15 juin 2003, un avocat de 41 ans, Joan Laporta, arrive à la tête du Barça. Le club est alors en crise, le Barça Oranje de Van Gaal en bout de course, l’équipe vient d’ailleurs de terminer 6e de la Liga, une position inadéquate pour l’institution catalane et ses exigeants supporters. Pour se faire élire, l’homme a promis David Beckham aux socios culés. Le bel Anglais ira au Real. Premier affront. Finalement, Laporta ira chiper Ronaldinho au Paris Saint-Germain pour la somme de 27 millions d’euros. Bonne pioche. Comme entraîneur, le jeune président tentera Hiddink et Koeman. En vain. Il se rabattra alors sur un autre Néerlandais. Un mec qui bénéficie d’une belle aura pour son passé de joueur, mais qui n’a pas prouvé grand-chose sur le banc. Frank Rijkaard. Le légendaire 6 du Milan dispose d’un joli jouet pour se faire les dents et il va en profiter. Progressivement, le Barça regagne ses lettres de noblesse perdues vers la fin de la décennie précédente. Pour la première saison de Rijkaard sur le banc, l’escouade catalane fait deuxième. Ensuite, en 2004-2005, Samuel Eto’o arrive et Ronnie explose. Conséquence : le Barça est champion devant le Real des Galacticos. Mais c’est bien en 2005-2006 que le Camp Nou vibre le plus fort.

4-3-3, forcément

Quand la saison débute, le Néerlandais dispose des mêmes joueurs que l’année précédente plus Van Bommel, arrivé pour apporter un peu de vice au milieu de terrain (ainsi qu’Ezquerro qui avait pris le train depuis Bilbao pour faire le nombre). Dans les bois, Víctor Valdés est solidement installé. Devant lui, quatre défenseurs. Giovanni Van Bronckhorst laboure le flanc gauche, tandis que le droit est occupé par Oleguer, ou Belletti si Rijkaard veut disposer d’une solution plus offensive. En défense centrale, le Hollandais a eu l’intelligence de faire reculer d’un cran Rafael Márquez pour apporter un peu d’élégance et de technique à sa charnière. Le Mexicain fait la paire avec Carles Puyol. Placé en libéro devant la défense, Edmilson est beau en 6 à l’ancienne. Surtout, le Brésilien est couvert en cas de saute de concentration. Ensuite, Xavi ou Iniesta et Deco dans la forme de sa vie se chargent de distiller avec amour des bons ballons pour les attaquants. En bon disciple de Cruijff, Rijkaard ne peut renoncer au 4-3-3. Ronaldinho sur son flanc gauche fait figure d’électron libre. Le Brésilien danse sur la tête de ses adversaires. Il invente des dribbles fous et sert à merveille Samuel Eto’o qui enfile les buts comme des perles. À droite, Giuly et ce bon vieux Henrik Larsson se partagent le poste. Messi le prodige (qui n’évolue pas encore dans l’axe) joue les jokers de luxe et éclot tranquillement à l’ombre des génies.
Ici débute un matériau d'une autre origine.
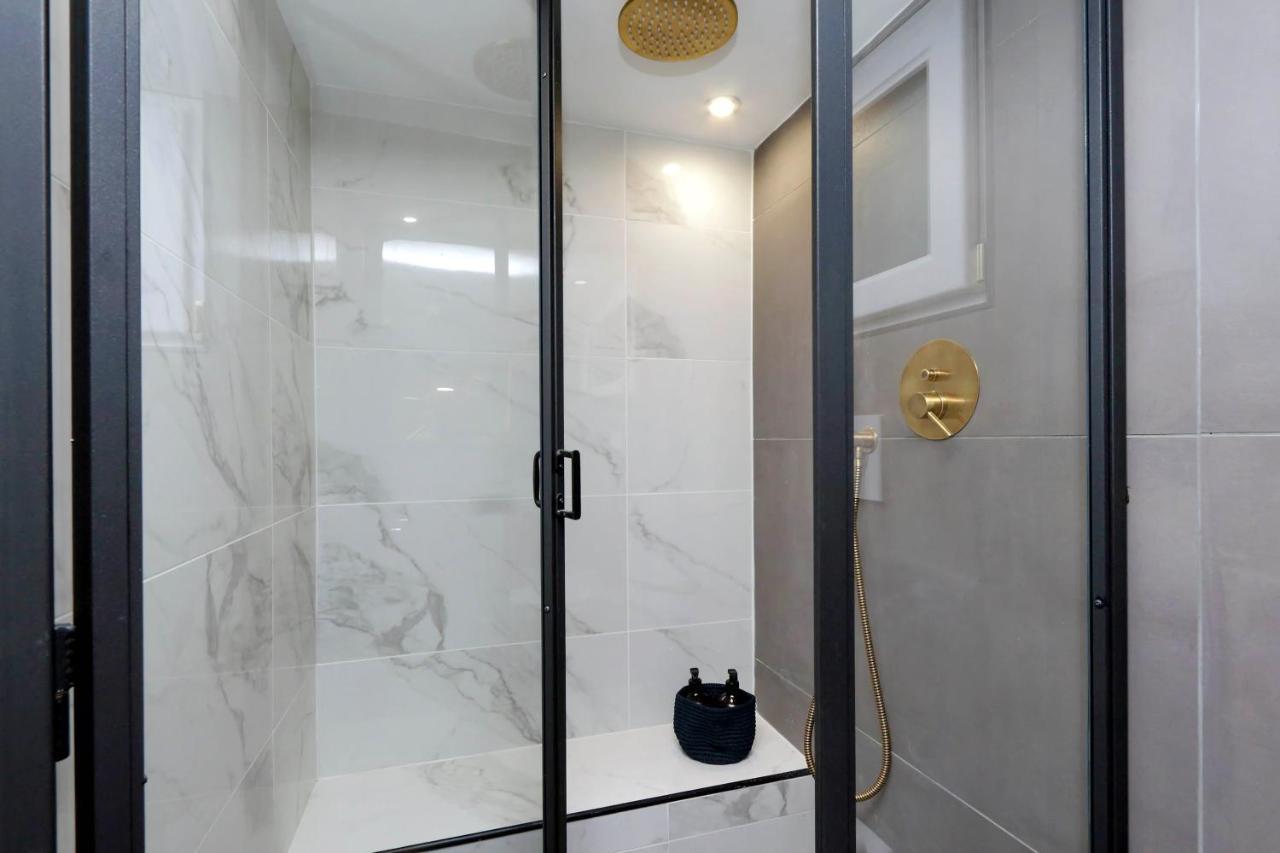Eve Guest House At Trevi Fountain روما المظهر الخارجي الصورة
Son premier coup d’éclat, le Barça le sert à ses supporters le 19 novembre 2005. 5 ans avant la manita, les Blaugrana s’amusent avec le grand Real à Bernabéu. Ce soir-là, Ronaldinho gagne le Ballon d’or. À l’heure de jeu, le gaucho accélère toutes dents dehors au milieu du terrain. Il casse les reins de Sergio Ramos, dribble un Ivan Helguera mobile comme un plot et fusille Casillas en souriant. Comme des années plus tôt au Vélodrome où Ronnie avait joué le fossoyeur d’Olympiens, le Brésilien enterre le Real. Feus les Galactiques. D’un match grandiose, il fredonne le chant du cygne du Madrid de Zidane, qui mettra un terme à sa carrière à la fin de la saison.

La C1 sur le gâteau

Après cette victoire, le Barça sera inarrêtable. En Liga, les potes de Puyol enchaînent 14 victoires consécutives et se mettent vite à l’abri. En Champions League, ils survolent leur poule et retrouvent Chelsea en huitièmes de finale. Ronaldinho a un contentieux à régler avec les Blues : l’année précédente, l’escouade de Mourinho avait fait tomber le Barça après une double confrontation houleuse. Xavi et ses potes prennent leur revanche grâce à Samuel Eto’o et signent un exploit inoubliable, malgré ce maillot jaune fluo à foutre au feu. Au retour, Ronaldinho validera la qualif d’un nouveau but monstrueux. Ensuite, le Barça sort Benfica en quarts, puis élimine péniblement le Milan AC. En finale, au Stade de France, ils retrouvent ces gentils losers d’Arsenal. La suite est connue, Jens Lehmann est injustement expulsé et Barcelone, mené jusqu’à 15 minutes de la fin, renverse la vapeur. Rijkaard a réussi son pari. Son club est champion d’Europe pour la seconde fois de son histoire.

Human after all

Huit ans plus tard, alors que le succès total du Barça de Guardiola a un peu condamné à l’oubli le Samba Barça de Rijkaard, la question de la comparaison se pose fatalement. Était-il vraiment moins fort, ce Barcelone 2006 ? Oui, sans doute, mais qu’il était beau. Il était plus humain aussi. Déjà parce qu’un match contre Almería ou Saragosse n’était pas forcément synonyme de victoire 6-0. Ce Barça gagnait, mais n’écrasait personne, il faisait la différence sur quelques coups de génie de Ronaldinho, sur une ouverture lumineuse de Deco ou une frappe de Fils l’indomptable. Il était plus vertical aussi, Eto’o bouffait les espaces et prenait la profondeur. Le Camerounais aussi énorme que son melon pressait comme un dingue, permettant à Ronaldinho l’artiste de se concentrer sur la création et d’exprimer la pleine mesure de son génie. Ce Barcelone-là n’avait pas encore de haters. Ce n’était pas une équipe de handball, même si la possession était déjà essentielle. Et puis comment détester une équipe où cohabitent cette pipe d’Oleguer et Ronaldinho ? Le Barça de Rijkaard pouvait attaquer à tout va, arriver devant le but en 3 passes et se faire piéger sur une contre-attaque.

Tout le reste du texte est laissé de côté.